Dec 18, 2023 By Susan Kelly
Navigating the mortgage loan process and all its accompanying complexities can be daunting, but there is help for those who qualify. A Mortgage Credit Certificate (MCC) allows eligible homeowners to receive tax credits when buying or refinancing a home. Not only does an MCC reduce the cost of homeownership, but it is also possible to recoup some of your initial investment over time if you take advantage of this program correctly.
Keep reading to learn more about how a Mortgage Credit Certificate may reduce the amount you pay in taxes and provide ongoing financial benefits for your family’s housing needs.
A Mortgage Credit Certificate (MCC), which is issued by specific state and local governments, enables homeowners to claim a federal tax credit for a portion of their mortgage interest. The MCC programme enables first-time homebuyers or those who haven't purchased a property in the last three years to lower their monthly mortgage payments while also saving money on taxes.
The MCC program is administered by state and local housing finance agencies approved by the IRS as qualified Issuing Entities. When you apply for an MCC through one of these agencies, you must meet certain eligibility requirements, such as income limits and purchase price caps set by your state. Once approved, you can receive an MCC to claim a tax credit for a portion of the interest paid on your mortgage.
The MCC program helps reduce the amount of money you pay in taxes each year and can result in more money being available to make monthly mortgage payments. It allows you to take a percentage of your annual mortgage interest as a tax credit.
This translates into big savings for homeowners, allowing them to save money upfront and over time. Depending on your state’s regulations, the size of the tax credit could range from 10-50% of your total mortgage interest expenses.
For example, if you owe $10,000 in mortgage interest for the year and qualify for a 20% tax credit, you would be eligible to receive a $2,000 credit on your taxes.
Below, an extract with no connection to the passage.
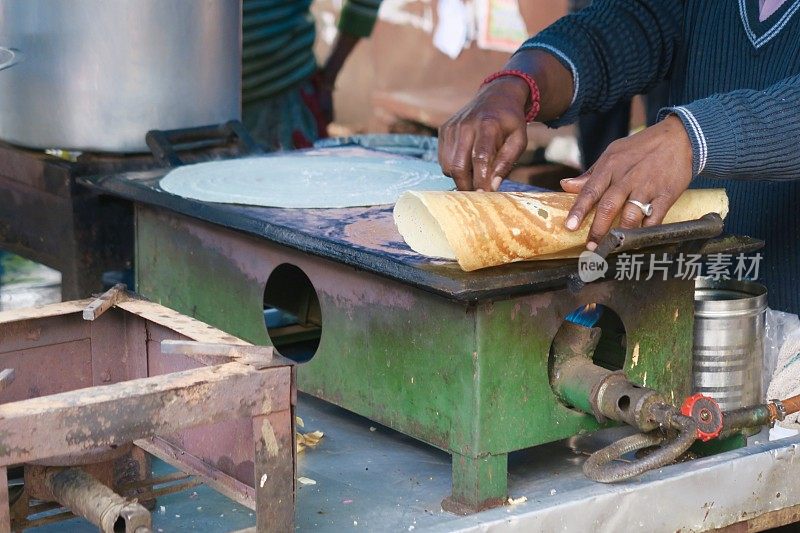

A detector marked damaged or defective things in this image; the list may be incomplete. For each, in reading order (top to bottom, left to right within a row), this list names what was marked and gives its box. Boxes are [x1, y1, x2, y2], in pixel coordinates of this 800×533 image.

rusty metal frame [0, 294, 296, 528] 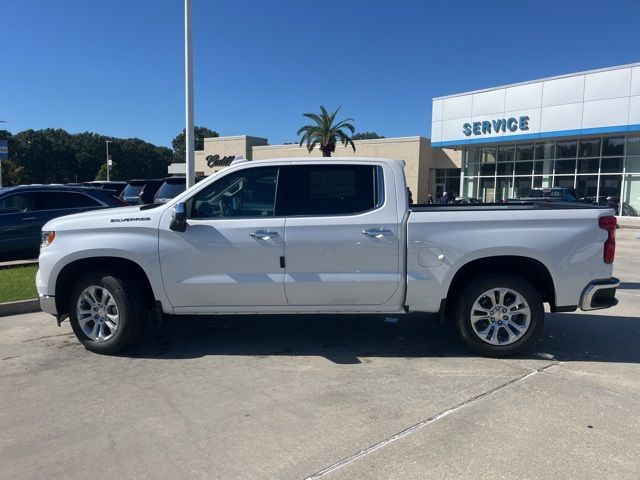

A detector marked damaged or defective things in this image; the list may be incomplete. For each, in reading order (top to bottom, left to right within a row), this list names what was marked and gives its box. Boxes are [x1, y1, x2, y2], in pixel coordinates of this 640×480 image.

pavement crack [304, 362, 560, 478]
This translates into an extra $167 monthly that can be applied towards your mortgage payment.
To get started, you must contact the housing finance agency in your state to see if they offer an MCC program. Each agency has its own eligibility requirements and fees for applying for an MCC.
Generally speaking, these programs are designed to help first-time homebuyers or those who haven’t owned a home in the past three years reduce their monthly mortgage payment and help them become more financially secure.
Sometimes, you can obtain an MCC through a participating lender or broker. These lenders and brokers will help guide you through the application process and ensure all eligibility requirements are met.
With so many potential benefits, it’s easy to see why a Mortgage Credit Certificate (MCC) is an attractive option for those looking to reduce their taxes and save money each month on housing costs. If you think this program could benefit you, speak with your state’s housing finance agency or contact a participating lender/broker today for more information.
Although there are some drawbacks to obtaining a Mortgage Credit Certificate, it can still provide considerable financial benefits for qualified homeowners who take advantage of the program correctly. Speak with your state’s housing finance agency or contact a participating lender/broker today to learn how an MCC could reduce your taxes and help make homeownership more affordable for you and your family.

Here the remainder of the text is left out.